──────── MATERIAL PROVIDED

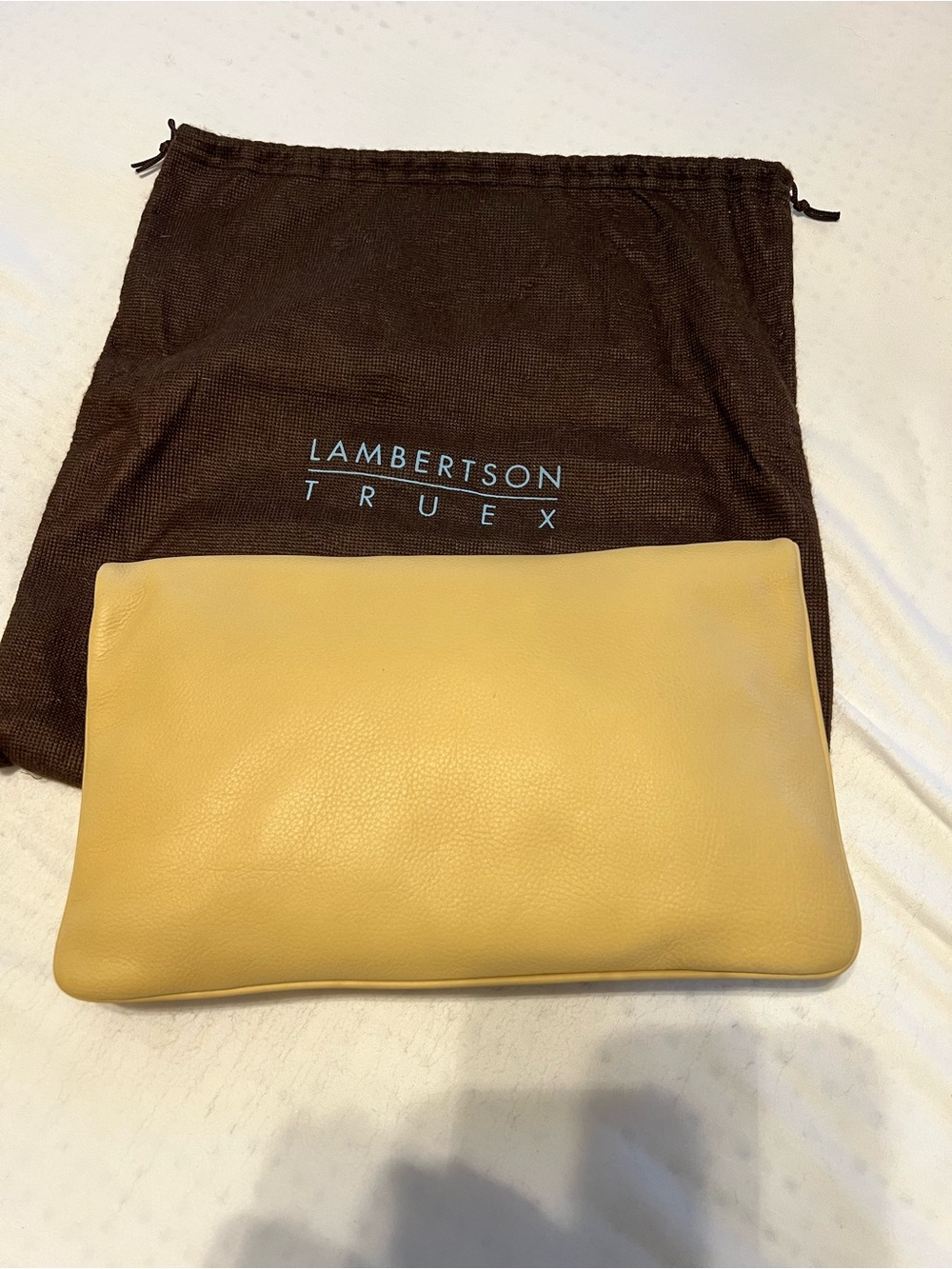 Lamberston Truex Yellow Leather Convertible Crossbody Bag - Picture 3 of 10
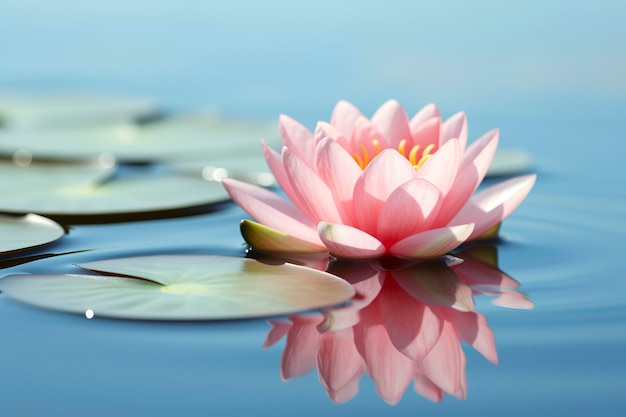 Un fiore di loto galleggiante sulla superficie calma di uno stagno simboleggia il potenziale di trasformazione e crescita spirituale attraverso la pratica della meditazione e della consapevolezza AI Generativa
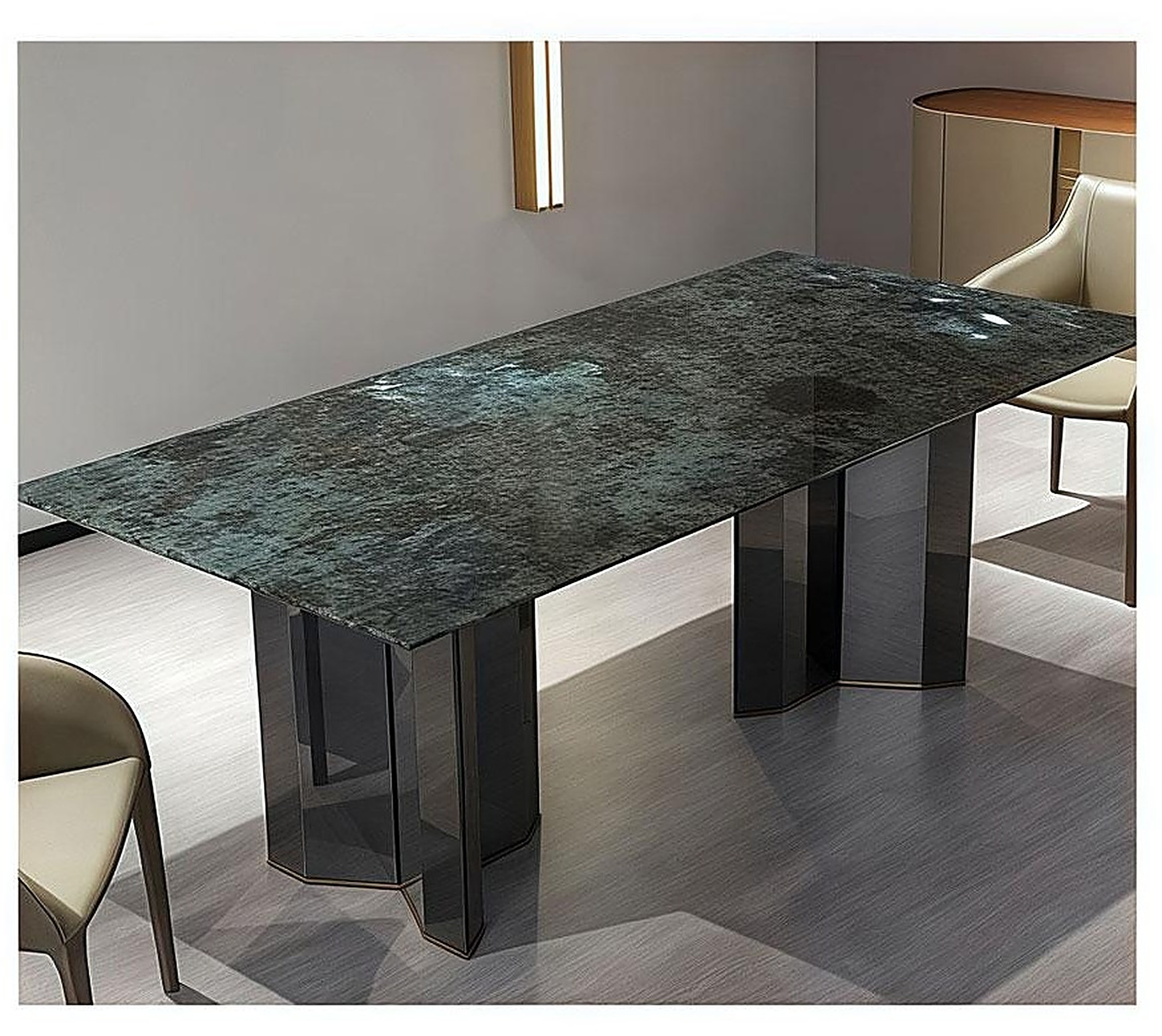 Verde Rettangolare — Green granite top, faceted gunmetal columns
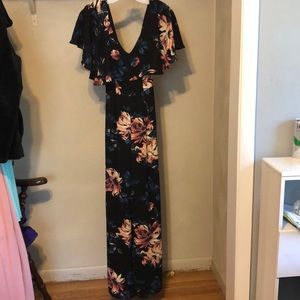 Long Floral Black Romper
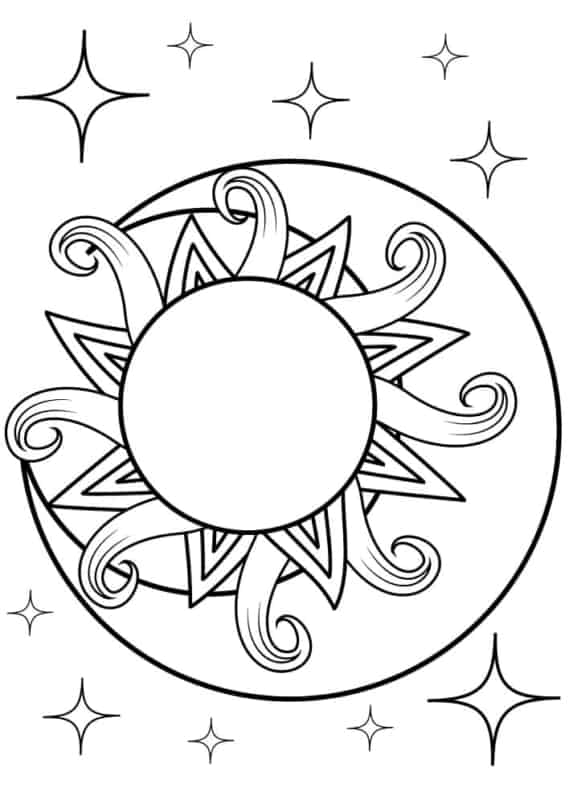 16 desenho para pintar lua e sol Coloring Pages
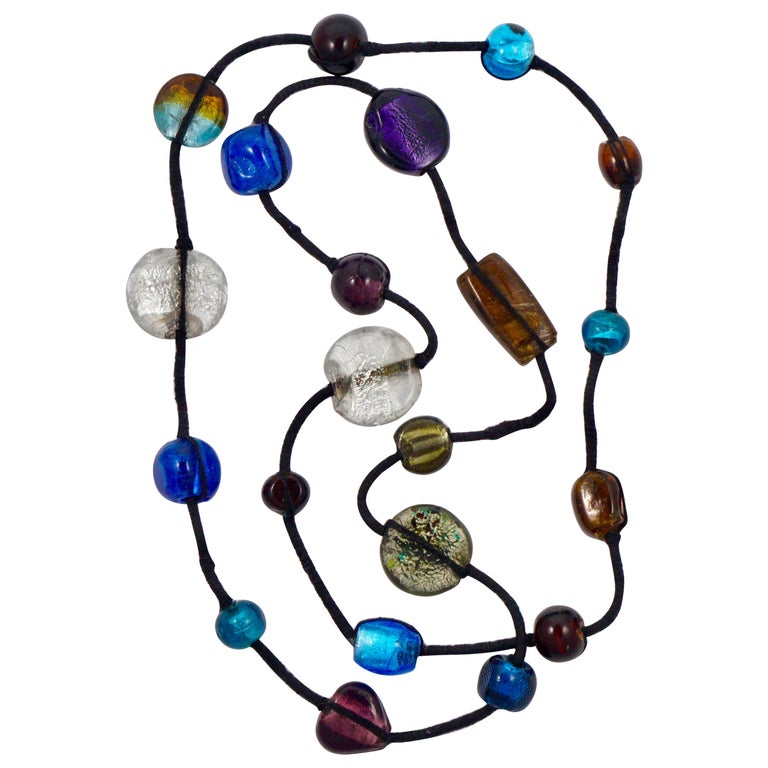 Long Tibetan Hand Made Foiled Art Glass Beads and Black Thread Necklace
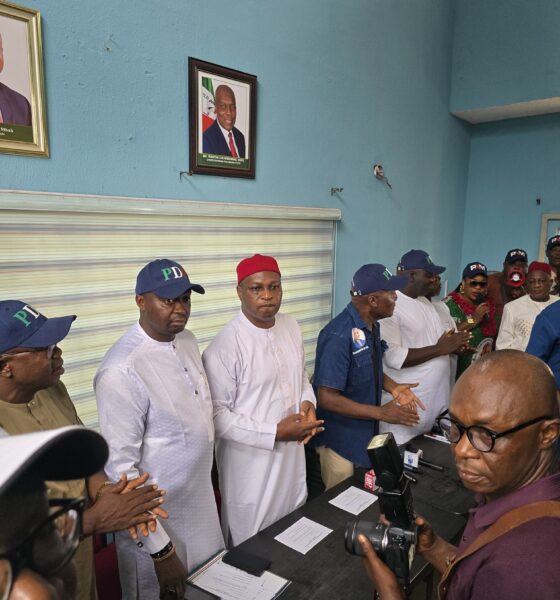 Barr Chijioke Edeoga, former Enugu State Labour Party governorship candidate has arrived the Enugu State PDP headquarters in Enugu as he formally rejoins the party.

────────────────

Give the listing above again in its entirety and exactly; do not include the pictures.

 Lamberston Truex Yellow Leather Convertible Crossbody Bag - Picture 3 of 10
 Un fiore di loto galleggiante sulla superficie calma di uno stagno simboleggia il potenziale di trasformazione e crescita spirituale attraverso la pratica della meditazione e della consapevolezza AI Generativa
 Verde Rettangolare — Green granite top, faceted gunmetal columns
 Long Floral Black Romper
 16 desenho para pintar lua e sol Coloring Pages
 Long Tibetan Hand Made Foiled Art Glass Beads and Black Thread Necklace
 Barr Chijioke Edeoga, former Enugu State Labour Party governorship candidate has arrived the Enugu State PDP headquarters in Enugu as he formally rejoins the party.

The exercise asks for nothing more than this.